Source data:
=== Section Start ===

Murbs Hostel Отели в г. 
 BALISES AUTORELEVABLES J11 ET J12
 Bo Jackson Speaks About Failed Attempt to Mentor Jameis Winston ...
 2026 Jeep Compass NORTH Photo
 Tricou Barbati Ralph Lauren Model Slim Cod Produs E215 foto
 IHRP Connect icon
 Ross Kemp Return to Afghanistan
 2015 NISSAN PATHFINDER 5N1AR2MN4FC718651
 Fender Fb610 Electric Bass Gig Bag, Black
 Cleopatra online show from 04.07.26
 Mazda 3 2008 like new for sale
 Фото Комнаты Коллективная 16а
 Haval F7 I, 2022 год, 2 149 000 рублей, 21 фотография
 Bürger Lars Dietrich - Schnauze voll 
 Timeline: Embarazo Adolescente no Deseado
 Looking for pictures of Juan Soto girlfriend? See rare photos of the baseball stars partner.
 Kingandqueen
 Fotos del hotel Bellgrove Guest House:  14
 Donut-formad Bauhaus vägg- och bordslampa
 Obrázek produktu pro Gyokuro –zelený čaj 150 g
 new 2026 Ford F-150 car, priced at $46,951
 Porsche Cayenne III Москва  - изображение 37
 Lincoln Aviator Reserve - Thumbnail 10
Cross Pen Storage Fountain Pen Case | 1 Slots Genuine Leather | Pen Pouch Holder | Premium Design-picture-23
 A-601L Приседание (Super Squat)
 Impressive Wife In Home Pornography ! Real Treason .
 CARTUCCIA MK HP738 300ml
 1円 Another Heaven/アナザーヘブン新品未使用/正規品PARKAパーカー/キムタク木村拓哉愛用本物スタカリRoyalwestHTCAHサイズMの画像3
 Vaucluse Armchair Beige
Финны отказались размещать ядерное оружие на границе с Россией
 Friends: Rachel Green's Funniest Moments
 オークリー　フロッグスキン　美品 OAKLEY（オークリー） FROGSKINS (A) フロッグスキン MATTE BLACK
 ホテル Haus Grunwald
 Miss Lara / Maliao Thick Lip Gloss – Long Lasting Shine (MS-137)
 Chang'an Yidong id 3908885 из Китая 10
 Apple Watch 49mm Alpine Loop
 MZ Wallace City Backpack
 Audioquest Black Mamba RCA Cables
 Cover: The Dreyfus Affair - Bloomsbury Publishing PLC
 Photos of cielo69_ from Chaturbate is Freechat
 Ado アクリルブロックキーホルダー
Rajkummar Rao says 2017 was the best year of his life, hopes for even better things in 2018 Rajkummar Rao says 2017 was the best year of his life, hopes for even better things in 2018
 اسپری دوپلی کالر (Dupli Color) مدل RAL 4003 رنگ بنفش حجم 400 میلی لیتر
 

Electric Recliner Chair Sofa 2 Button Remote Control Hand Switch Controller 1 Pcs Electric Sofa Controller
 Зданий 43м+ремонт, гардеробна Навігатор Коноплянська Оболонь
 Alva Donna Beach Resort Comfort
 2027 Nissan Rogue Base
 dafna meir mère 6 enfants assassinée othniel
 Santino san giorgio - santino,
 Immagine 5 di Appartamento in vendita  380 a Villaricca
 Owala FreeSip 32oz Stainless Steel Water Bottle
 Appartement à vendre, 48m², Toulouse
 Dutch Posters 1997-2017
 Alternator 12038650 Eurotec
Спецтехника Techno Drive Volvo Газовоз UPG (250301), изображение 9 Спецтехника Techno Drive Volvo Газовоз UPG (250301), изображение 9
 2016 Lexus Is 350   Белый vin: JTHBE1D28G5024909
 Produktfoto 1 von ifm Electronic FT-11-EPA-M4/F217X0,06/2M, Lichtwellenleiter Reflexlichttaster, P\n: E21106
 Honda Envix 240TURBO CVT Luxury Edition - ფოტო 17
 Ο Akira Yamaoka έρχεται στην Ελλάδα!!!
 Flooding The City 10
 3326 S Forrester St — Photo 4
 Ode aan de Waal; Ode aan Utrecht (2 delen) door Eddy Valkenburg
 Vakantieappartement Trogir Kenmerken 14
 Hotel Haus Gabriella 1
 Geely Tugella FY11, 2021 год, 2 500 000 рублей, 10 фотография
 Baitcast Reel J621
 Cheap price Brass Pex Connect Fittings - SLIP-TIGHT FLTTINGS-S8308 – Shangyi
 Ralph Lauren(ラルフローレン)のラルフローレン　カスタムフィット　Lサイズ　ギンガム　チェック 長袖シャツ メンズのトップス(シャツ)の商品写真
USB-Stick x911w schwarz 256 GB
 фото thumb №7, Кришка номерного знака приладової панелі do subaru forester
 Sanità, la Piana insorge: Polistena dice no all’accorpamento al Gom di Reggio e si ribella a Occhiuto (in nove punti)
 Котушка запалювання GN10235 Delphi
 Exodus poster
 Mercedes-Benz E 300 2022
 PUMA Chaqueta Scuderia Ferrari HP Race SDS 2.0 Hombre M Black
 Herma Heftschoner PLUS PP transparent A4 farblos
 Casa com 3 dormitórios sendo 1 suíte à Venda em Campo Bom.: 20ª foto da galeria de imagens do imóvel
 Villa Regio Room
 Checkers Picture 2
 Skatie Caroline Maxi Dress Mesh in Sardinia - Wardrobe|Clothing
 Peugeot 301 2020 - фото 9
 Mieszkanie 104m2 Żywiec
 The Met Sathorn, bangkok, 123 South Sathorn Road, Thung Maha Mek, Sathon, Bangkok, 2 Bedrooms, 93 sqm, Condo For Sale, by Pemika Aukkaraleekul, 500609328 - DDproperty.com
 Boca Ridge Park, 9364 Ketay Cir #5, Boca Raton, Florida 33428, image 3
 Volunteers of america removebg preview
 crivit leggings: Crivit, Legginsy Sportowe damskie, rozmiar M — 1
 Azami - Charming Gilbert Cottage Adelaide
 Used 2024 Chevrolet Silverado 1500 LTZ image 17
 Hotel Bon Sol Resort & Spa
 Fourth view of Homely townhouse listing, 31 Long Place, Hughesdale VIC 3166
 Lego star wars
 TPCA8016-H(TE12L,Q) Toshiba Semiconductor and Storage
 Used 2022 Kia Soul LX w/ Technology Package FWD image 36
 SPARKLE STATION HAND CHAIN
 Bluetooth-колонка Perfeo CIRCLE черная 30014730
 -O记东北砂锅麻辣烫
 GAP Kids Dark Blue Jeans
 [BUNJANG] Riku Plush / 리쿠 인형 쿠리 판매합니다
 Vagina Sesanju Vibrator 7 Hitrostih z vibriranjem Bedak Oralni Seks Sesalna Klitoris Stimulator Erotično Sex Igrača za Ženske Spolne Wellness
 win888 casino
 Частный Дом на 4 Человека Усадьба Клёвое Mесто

=== Section End ===

● Exercise description: Your answer must be a single number: how many lines of the entries above contain the string "Used".

● Answer to the problem: 2